После первых минут приветствий, восклицаний и знакомств Катя с Лешкой почувствовали, что здорово проголодались. Тут и Вера Федоровна захлопотала, потащила их за накрытый стол. Да, это был не скудный парижский «континентальный завтрак», — настоящее русское застолье!
Всегда обширное, чрезмерное — за таким столом и половины всего, соблазнительно пахнущего и красиво подрумяненного, не съесть. Баклажаны, фаршированные сыром, помидорами и морковкой и запеченные в духовке. Пирожки с капустой и с картошкой, пирог с рыбой, сладкий лимонный пирог… Помидоры, маринованные в соке красной смородины. Соленые огурцы и соленые же, из бочки, рыжики. Мясо с картошечкой и с грибами… Всей этой вкуснотищей не двух худеньких молодых людей — пяток упитанных бизнесменов или генералов можно было накормить. Влюбленные уплетали деревенские разносолы за обе щеки и наперебой вспоминали Париж. А Лешкина мама смотрела на них и улыбалась.
После ужина Лешка удалился с мамой на кухню, и до Кати долетели обрывки фраз:
— Нет, мам, ну ты даешь! У нас все серьезно! Нет, не «интрижка на одну ночь»! Нет, что ты! Ты же всегда сама говорила: «Лучше пусть мой сын спит с девушками дома, чем занимается любовью черт-те где». А теперь? Насаждаешь в доме нравы католической монастырской школы…
— Чего-чего? — удивленно переспросила Вера Федоровна и, устав спорить с сыном, махнула рукой.
Через несколько минут юные влюбленные рухнули на просторную тахту в маленькой пристройке.
— Раньше мы сдавали эту комнатку с отдельным входом дачникам, — пояснил Лешка, сладко зевая. Он обнял Катю, и они, смертельно утомленные долгой дорогой, тут же уснули счастливым крепким сном.

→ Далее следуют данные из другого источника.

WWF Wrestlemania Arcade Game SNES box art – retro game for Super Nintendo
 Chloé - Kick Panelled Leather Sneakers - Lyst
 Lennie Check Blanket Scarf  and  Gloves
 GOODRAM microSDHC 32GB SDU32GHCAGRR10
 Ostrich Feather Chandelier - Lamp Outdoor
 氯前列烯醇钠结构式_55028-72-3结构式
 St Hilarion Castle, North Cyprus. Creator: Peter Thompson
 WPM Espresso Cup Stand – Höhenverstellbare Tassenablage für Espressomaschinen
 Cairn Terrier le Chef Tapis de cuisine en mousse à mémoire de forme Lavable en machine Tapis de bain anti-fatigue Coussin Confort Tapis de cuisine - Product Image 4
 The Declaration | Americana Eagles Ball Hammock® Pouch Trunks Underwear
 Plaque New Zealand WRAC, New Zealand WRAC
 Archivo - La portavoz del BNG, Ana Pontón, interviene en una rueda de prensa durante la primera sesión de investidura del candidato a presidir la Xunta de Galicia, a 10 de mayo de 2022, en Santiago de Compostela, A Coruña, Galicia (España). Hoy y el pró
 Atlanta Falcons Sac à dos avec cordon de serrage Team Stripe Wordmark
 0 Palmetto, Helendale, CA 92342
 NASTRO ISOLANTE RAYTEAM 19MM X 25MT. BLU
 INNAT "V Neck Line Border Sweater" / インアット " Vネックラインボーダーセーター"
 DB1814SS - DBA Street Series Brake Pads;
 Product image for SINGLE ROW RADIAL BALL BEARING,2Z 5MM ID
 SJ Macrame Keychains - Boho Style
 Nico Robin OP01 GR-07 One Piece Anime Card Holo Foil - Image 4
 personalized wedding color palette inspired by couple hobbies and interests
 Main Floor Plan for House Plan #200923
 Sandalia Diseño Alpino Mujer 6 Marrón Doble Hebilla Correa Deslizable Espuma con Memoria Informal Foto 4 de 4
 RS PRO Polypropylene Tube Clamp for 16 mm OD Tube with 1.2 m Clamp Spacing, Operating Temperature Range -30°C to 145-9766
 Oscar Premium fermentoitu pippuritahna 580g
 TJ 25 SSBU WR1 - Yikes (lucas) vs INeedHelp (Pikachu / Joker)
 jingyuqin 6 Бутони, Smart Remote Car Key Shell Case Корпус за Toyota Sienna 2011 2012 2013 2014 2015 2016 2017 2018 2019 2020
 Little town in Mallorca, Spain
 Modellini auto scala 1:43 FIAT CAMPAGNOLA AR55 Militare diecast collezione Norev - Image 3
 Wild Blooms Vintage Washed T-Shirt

— Сидеть и ждать, — строго приказала Марианна Лаврентьевна спутнику, устроив его на скамейке напротив управы. Михаил Соломонович, обрадованный тем, что в марафоне наконец наступила короткая передышка, покорно кивнул и перекрестил спутницу. Марианна Лаврентьевна, небрежно предъявив в проходной удостоверение внештатного сотрудника управы, чеканной походкой комиссара проследовала в коридоры власти.